É designada como síndrome ou complexo respiratório bovino porque são vários os agentes que têm um papel no desenvolvimento desta doença multifatorial. Implica tanto os agentes patogénicos, como o vitelo (estado imunitário, colostro, nutrição, etc.), e o ambiente (alterações de temperatura, agrupamento de animais, stresse, etc.). Infelizmente, a síndrome respiratória não é exclusiva dos bovinos. Ocorre igualmente noutras espécies de produção, como os ovinos, os suínos, as aves ou os coelhos, onde a situação é muito similar: vírus, bactérias (Pasteurellaceae), e micoplasmas têm um papel muito relevante.
Os tratamentos chegam tarde, há que prevenir!

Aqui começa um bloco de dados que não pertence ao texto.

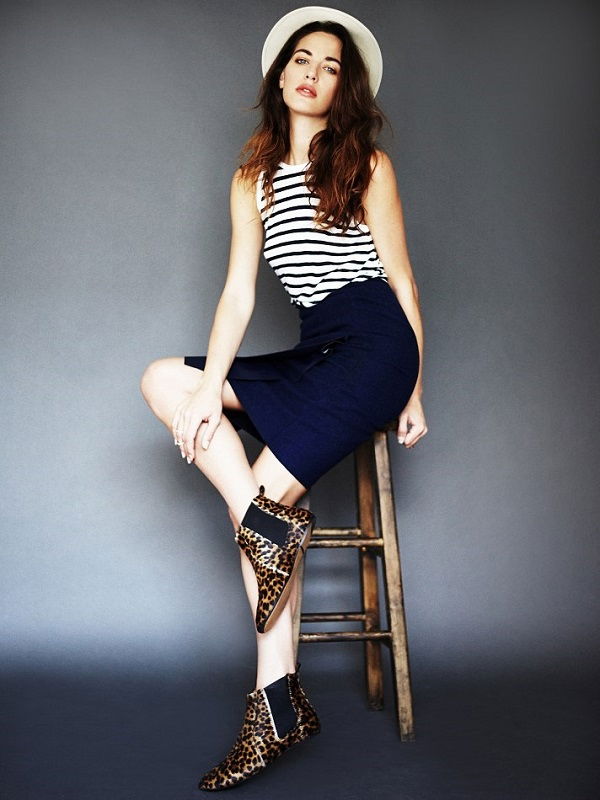 Christina Mileva #182547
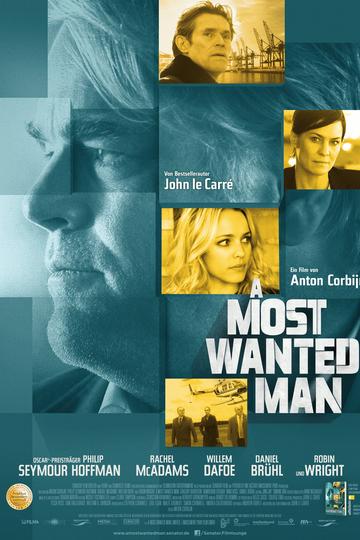 A Most Wanted Man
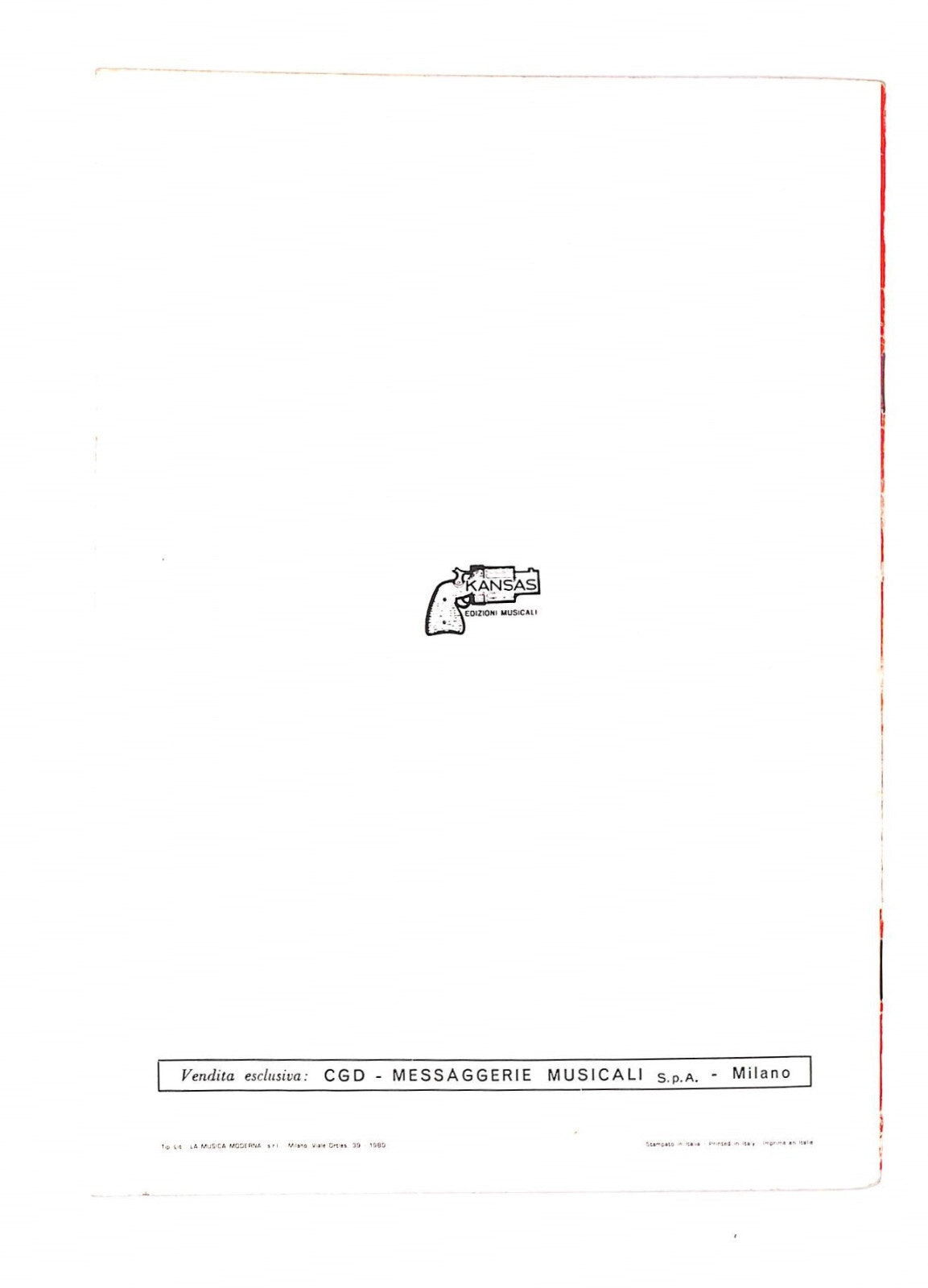 EBOND Spartiti - Un Mito Luciano Tajoli 1940-1980 Libro LI040544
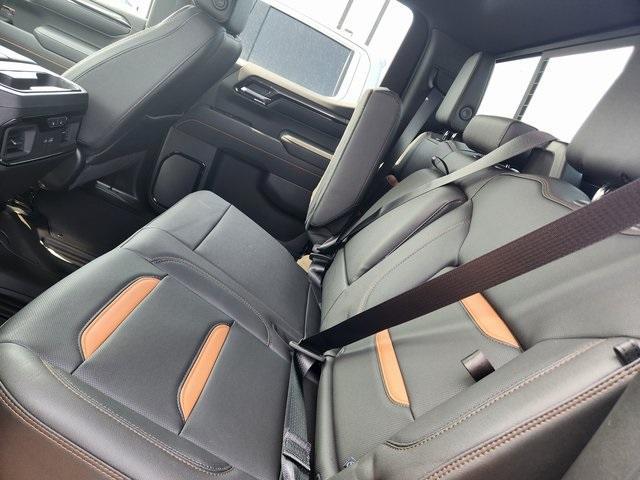 new 2026 GMC Sierra 1500 car, priced at $68,010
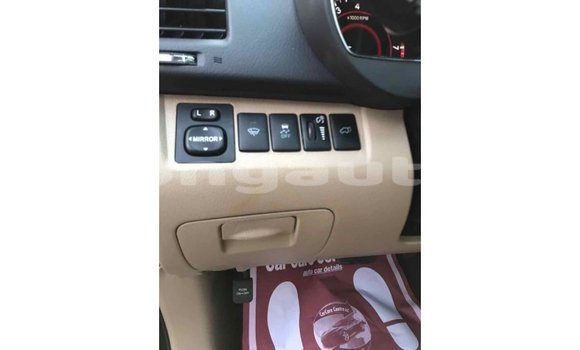 Buy Import Toyota Highlander Black Car in Import - Dubai in Enga Buy Import Toyota Highlander Black Car in Import - Dubai in Enga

Em qualquer caso, quando se detetam animais com sintomas de SRB, o tratamento é consensual. Pode incluir antibióticos, cujo objetivo é eliminar bactérias e micoplasmas, já que não são efetivos frente a vírus; e anti-inflamatórios, para aliviar a sintomatologia. Apesar disto, quando se define o tratamento, pode-se considerar que já é demasiado tarde, pois os danos pulmonares já se podem ter verificado e as capacidades produtivas desse animal podem já ter ficado comprometidas, tanto a curto, como a longo prazo. A prevenção é a chave para melhorar o bem-estar animal, cumprir com as novas legislações que pressionam no sentido de uma redução no uso de antibióticos, e, acima de tudo, para minimizar os custos decorrentes da SRB.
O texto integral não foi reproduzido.